ASSIGNMENT
Please restate each line of the data below exactly. Omit all images.

DATASET SECTION
_ _ _ _

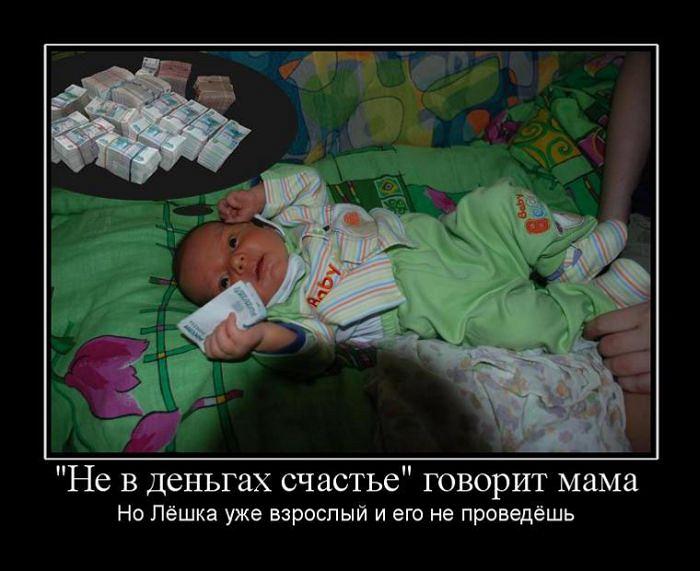 Смешные картинки не в деньгах счастье, сонный кот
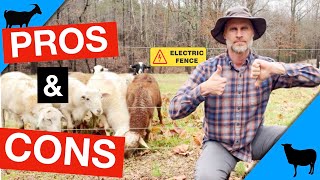 Electric Fence 101 ProsCons and Essentials [upl. by Jandy]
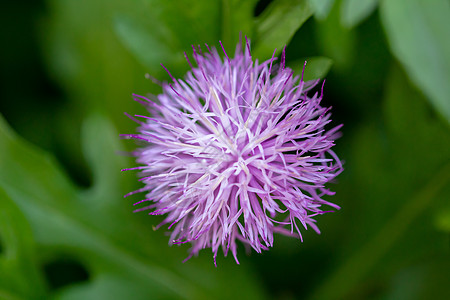 紫色的花 斯皮尔·塞特的花图片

_ _ _ _

WRITTEN ANSWER
 Смешные картинки не в деньгах счастье, сонный кот
 Electric Fence 101 ProsCons and Essentials [upl. by Jandy]
 紫色的花 斯皮尔·塞特的花图片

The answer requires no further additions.